I've attached the picture which reminded me of my need for it.


----------



## jlsconstruction (Apr 26, 2011)

http://www.busybeetools.com/products/SQUARE-HOLDER-FOR-1{47}2IN.-B{47}BAR.html

Is this it? Never seen one, but I'm about to order one.


----------



## maxwage (Nov 25, 2012)

That is an awesome contraption!! I hate when my square either falls out of my back pocket or pouch, or gets tangled on other chit in my pouch.


----------



## schaefercs (Jul 10, 2008)

I came across that but it looks to be made of metal with no way of attaching it to a belt. His appears to be made of plastic. I even went to the groz website and their pictures look even more like metal.


----------



## 91782 (Sep 6, 2012)

Looks like its limited to official TOH alumni, but here's a closeup:

http://www.thisoldhouse.com/toh/photos/0,,20513958_20994670,00.html


----------



## jlsconstruction (Apr 26, 2011)

It must have a clip, I think it's clipped into the jab saw spot on his belt


----------



## schaefercs (Jul 10, 2008)

I replied to that twitter post looking for more info from their editor but haven't heard anything back yet.


----------



## jlsconstruction (Apr 26, 2011)

Did they tweet back?


----------



## CScalf (Dec 18, 2008)

Have you thought about going to their website and just calling and asking?
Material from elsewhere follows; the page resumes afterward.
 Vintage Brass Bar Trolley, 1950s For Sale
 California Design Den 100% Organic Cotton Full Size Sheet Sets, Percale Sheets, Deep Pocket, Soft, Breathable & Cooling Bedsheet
I'm sure they would help...


----------



## Tylerwalker32 (Jun 27, 2011)

Just send silvas company an email directly to find it out.


----------



## schaefercs (Jul 10, 2008)

jlsconstruction said:


> Did they tweet back?


Never heard anything back


----------



## Nick R (May 20, 2012)

A little different, but have you seen the yellow clip that is sometimes sold with the swansons? I'd like to just get the clip but can't find it. Do you think it would work for you?


----------



## Tylerwalker32 (Jun 27, 2011)

Nick R said:


> A little different, but have you seen the yellow clip that is sometimes sold with the swansons? I'd like to just get the clip but can't find it. Do you think it would work for you?


That's what Norm Abraham uses on this old house


----------



## Brutus (May 29, 2007)

HERE is a pouch that is available on eBay.


----------



## neill (Sep 29, 2011)

you can get handcuff clips or key ring holders very similar to the swanson clip at tactical stores that sell police and fire gear:


----------



## schaefercs (Jul 10, 2008)

Brutus said:


> HERE is a pouch that is available on eBay.


That's what I'm trying to avoid. Something small and won't be in the way when not being used since I don't always have a square on me


----------



## DuMass (Feb 6, 2008)

I noticed that my smaller Stanley 7" speed square seems to slide into a short piece of left over 3/4" ID aluminum miter T track. 
If that is something that would work for the larger Swanson maybe you could make your own holder out of that. 
You would probably just need come up with some sort of belt clip or belt loop and attach it at the proper angle for it to slide down into. If you make them, it sounds like a lot of guys would interest in having one.


----------



## Warren (Feb 19, 2005)

I actually think a redesign of the speed square is the solution. I bet I have dropped my speed square thousands of times. Many days it happens several times. It is one of the running jokes at work. A lot of times, if I will be working overhead and know I wont need it, I will actually throw it down in a strategic location.


----------



## country_huck (Dec 2, 2009)

Don't your pouches have a speed square sleeve to keep it out of the way and easily accessible. 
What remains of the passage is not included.